To my shame, I have around 300 hours with TF2 myself, and probably as many as 100 with Bad Company 2, at least.. I know I could do something far more worthwhile with the time I spent in these games. In theory. Heh, how do you feel about the time you’ve given these games? Any regrets, or justifications?
Very nice, Lewis. A different perspective from most reviewers is one thing, but a different perspective that you back up with evidence is to be treasured.
I’m a big fan of team-based shooters, but I much prefer playing with actual friends than with strangers. Left 4 Dead did a good job of ensuring team unity for a while (though my own personal exuberance and reckless enthusiasm got me thrown off most teams), but TF2 never fully did it for me. I always prefer co-op (or versus in a team setting) to straight-up versus, and it sounds like Brink really does a good job with the team stuff. That’s not something that builds itself, you have to know what you’re doing.
Terrain and body awareness are a pet peeve of mine as well. If I look down, I want feet. And if the terrain varies, I want variance in my movement… something that I must participate in to really be graceful, but not so involved that every crate and pipe becomes a Quick Time Event. Mirror’s Edge did it really well, so your description of SMART intrigues me.

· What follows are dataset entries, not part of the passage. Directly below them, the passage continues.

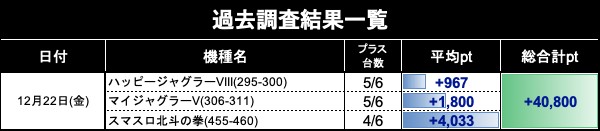 Dechau_Storage's tweet photo. 12/22(金)📅
#鬼緑取材👹🟢👹
🌈#ア��ューズ西宮山手幹線通り🌈
🔥結果まとめ🔥

ハッピーVIII、マイジャグⅤ、L北斗
から好調な並びを計3箇所から確認！

※でちゃう！公式の結果を引用
https://t.co/9VhRrffdmp

#アミューズ西宮山手幹線通りでちゃう結果 https://t.co/iwyP7usabb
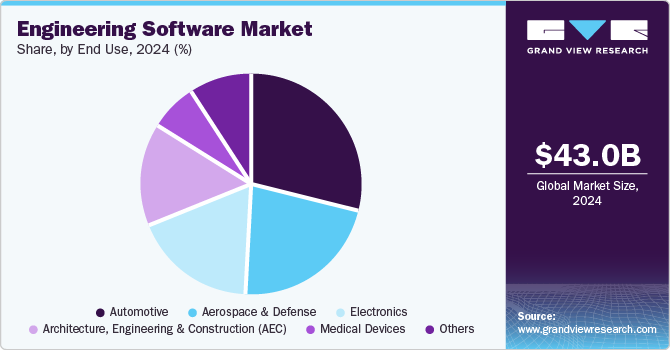 Engineering Software Market Share by End Use, 2024 (%)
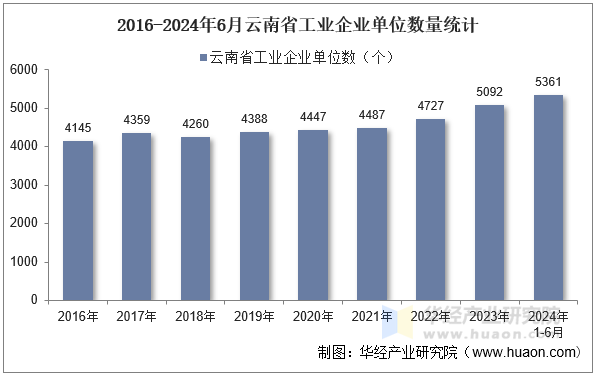 2016-2024年6月云南省工业企业单位数量统计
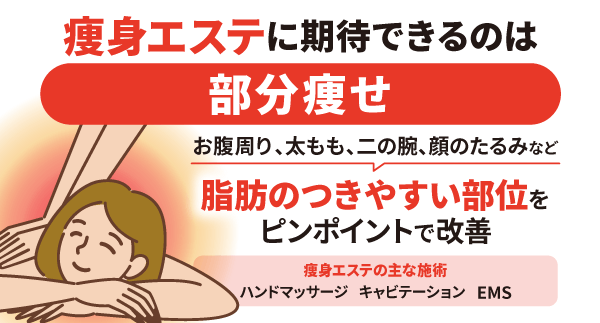 痩身エステに期待できるのは「部分痩せ」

Lewis, you promised you’d tell me when to buy Brink, so I wait on your command. In the meantime, great review!
@ Steerpike, I’d probably suggest to buy now as a new expansion pack is due in a few days which brings new maps, weapons, ranks and customisations. You can pick up a copy for £20.
As for seeing your feet, sadly you don’t in Brink (I find that odd) but I’ve only just noticed after you raised it. I must admit I’m a lover of seeing a body. It makes you feel much more grounded.
@ Jakkar, I have no regrets for the length of time I’ve spent in Team Fortress 2 and BC2 as I’ve spent more time playing Pokemon and every other MMOG I’ve ever played. I’m a competitive person; you don’t get to be good at games by shirking! 😉
Bethesda and Splash Damage should have just waited, why do developers and publishers not see how critical the initial release is.